Za dwa miesiące wygasną umowy, które starostowie zawarli z rodzicami zastępczymi. Jeśli powiaty chcą, aby dalej zajmowali się dziećmi, muszą z nimi podpisać nowe umowy, których podstawą prawną staje się obowiązująca od 1 stycznia 2012 r. ustawa o wspieraniu rodziny w systemie pieczy zastępczej.

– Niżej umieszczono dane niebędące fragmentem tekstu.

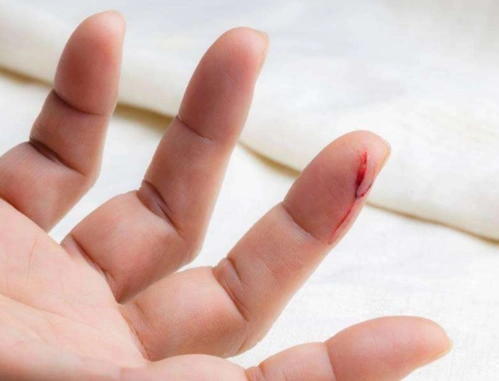 手出血的图片61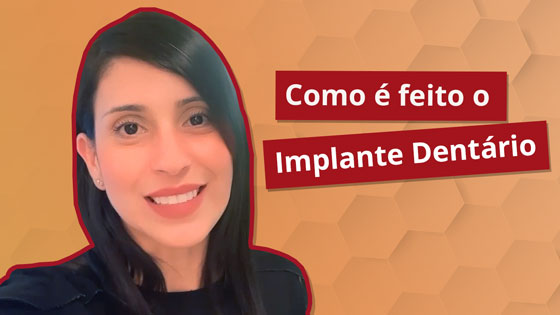 Como é feito o implante dentário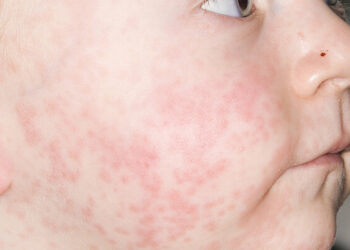 زنگ خطر شیوع سرخک در دزفول به صدا درآمد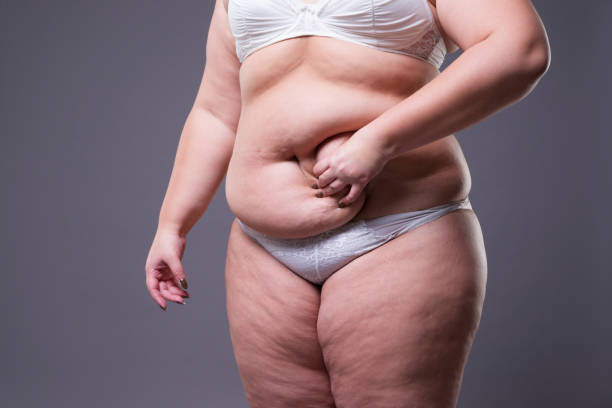 tummy tuck, schlaffe haut auf einem fetten bauch, plastische chirurgie konzept - torso female hip human skin stock-fotos und bilder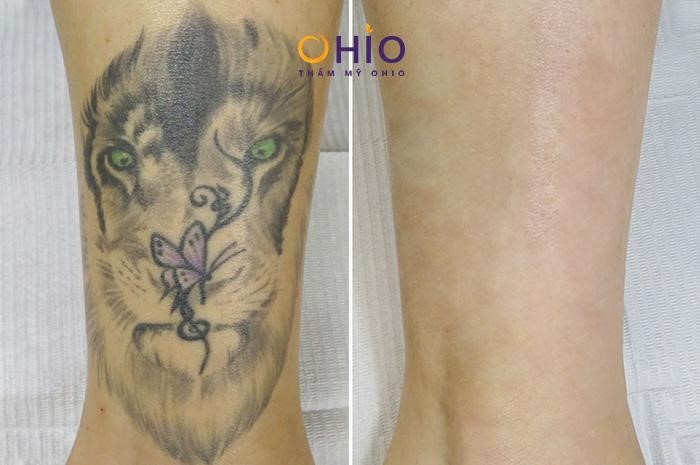 Thực hư việc xóa xăm bằng Laser tại cơ sở thẩm mỹ - Phòng khám da liễu OHIO xóa xăm bằng laser 1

Nowe przepisy stwarzają problemy
Zmieniła się za jej sprawą sytuacja prawna rodzin zastępczych, a starostowie będą musieli wziąć to pod uwagę. Otóż ustawa o pieczy zastępczej, w przeciwieństwie do wcześniej obowiązującej ustawy o pomocy społecznej, odebrała możliwość zawierania umów z opiekunami zamieszkałymi na terenie sąsiedniego powiatu. Problem w tym, że niemal każdy powiat w Polsce zatrudnia do opieki nad jego dziećmi m.in. rodziców zastępczych z sąsiednich powiatów. Nie wiadomo więc, czy te umowy można kontynuować.
Sąsiad koniecznością
– Nowa regulacja spowodowała mnóstwo komplikacji. Prezydent Gdyni podpisał wiele umów z rodzinami zastępczymi z powiatu bytowskiego i okazuje się teraz, że nie możemy ich kontynuować – mówi Tomasz Wroński, kierownik zespołu ds. wsparcia dziecka i rodziny w gdyńskim Ośrodku Pomocy Społecznej.
1,4 tys. rodzin zastępczych było w Polsce w 2010 r.
W podobnej sytuacji jest powiat ostródzki, którego dziećmi na podstawie umów opiekują się rodziny z powiatu iławskiego, szczecińskiego oraz elbląskiego.